Last month market the launch of the Kanban Accreditation scheme. Let’s give our view including why we have chosen to engage ourselves as members of the advisory board.
Why the Kanban accreditation scheme?
Kanban is a word that needs meaning. So what meaning do we want people to connect with the word? This matters (to us..) . Stumbling upon about kanban classes declaring it will help you “resource optimize” it makes me think there is a need. (To any unfamiliar reader.. kanban helps you improve flow, quite a different thing..)
Any accredited class will contain some core messages that we care to share. The best way we could think of to make sure that messages is good was to engage ourselves in the process 🙂
So what matters to us?
Apart from quality training, it’s important that the process through which you can become kanban accredited is not a closed one. We want to avoid any veto mechanism through which single members can isolate their market. We also want continuously engage good trainers that helps us evolve our view of the world. That fact that are two other Swedish member companies already today is one indication of healthy competition.
Does this stop others to do kanban training?
Absolutely not 🙂 Kanban accreditation is just a guarantee your material contains some key messages.

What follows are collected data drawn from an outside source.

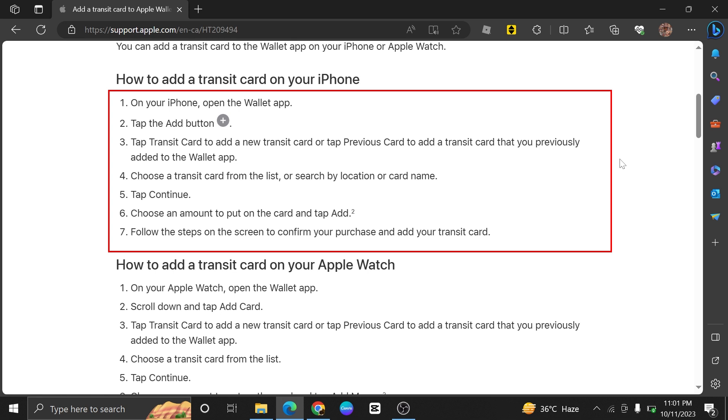Now tap Transit Card to add a new Transit Card or tap on Previous Card to add a Transit Card that you previously added to the Wallet app.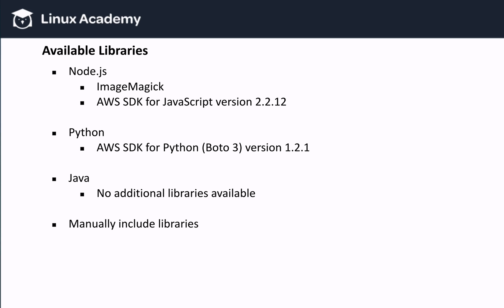Going back to our user profile picture example we used at the beginning of the lesson, instead of writing an image processing library, we can use an existing library like ImageMagick. But how do we get ImageMagick in Lambda?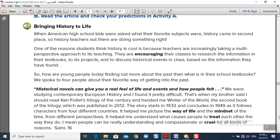So how are young people today finding out more about the past beyond their school textbooks? We spoke to four people about their favorite ways of getting into the past. Where can you get your historical information? Students suggest: history books, novels, movies, and biographies. Yes — we can get historical information from many resources.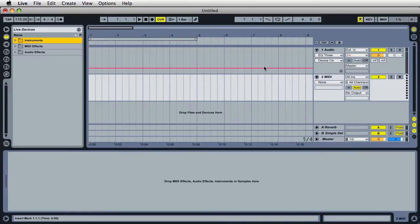Hi, this is Mark for Ableton Daily, and on this video, I'm going to show you how to create laser effects using the Operator instrument in Ableton Live.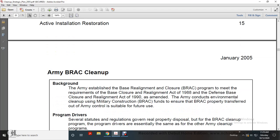Environmental Base Realignment and Closure Cleanup: The Army established the Base Realignment and Closure Program to meet the requirements of the Base Closure and Realignment Act of 1988 and the Defense Base Closure and Realignment Act of 1990, as amended. The Army conducts environmental cleanup using Military Construction funds to ensure that Base Realignment and Closure property transferred out of Army control is suitable for use.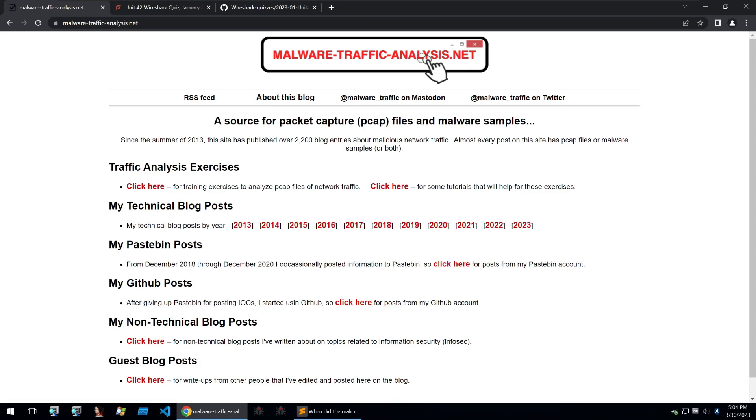Hello and welcome back to Guided Hacking. This is Reg K and today we're going to be taking a look at MalwareTrafficAnalysis.net.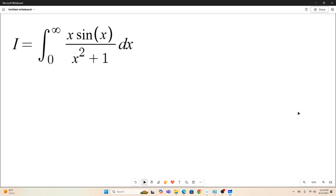Hi, everybody. Welcome back to the Feynman technique. I'm not sure if I've featured this integral on this channel before. I looked through my videos and I didn't see it. I know I've done similar integrals before, but I don't believe I've done this particular one. We're going to be using standard classic Feynman integration in combination with a limited knowledge of differential equations.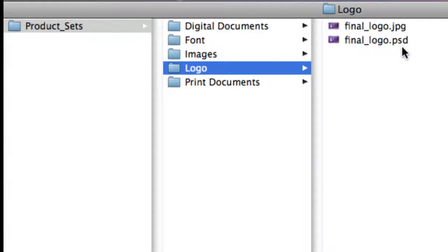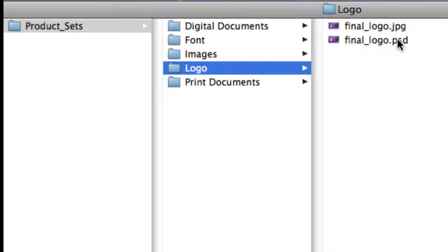A PSD file is a Photoshop file format and therefore is an unflattened image with editable layers. The JPEG is a flattened image and cannot be edited. The difference between these two is simply that the PSD file format can be edited while the JPEG cannot.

Does founding members get a free ticket?
Nope. I have to submit my training material for review just as anyone else.
Why accreditation and not a certification? Isn’t that just a fancy rewrite?
The reason why there isn’t any certification is because we’ve yet to find a good way through which we can validate genuine skill. Until we don’t, certification is out of the question.
So what guarantees that this doesn’t turn into <enter your favorite fear here>?
It impossible to give guarantees; but a a good way to nudge it in the right direction is to engage yourself. So we did 🙂
Fair enough. Like the transparency! Looking forward to how it’ll shape out…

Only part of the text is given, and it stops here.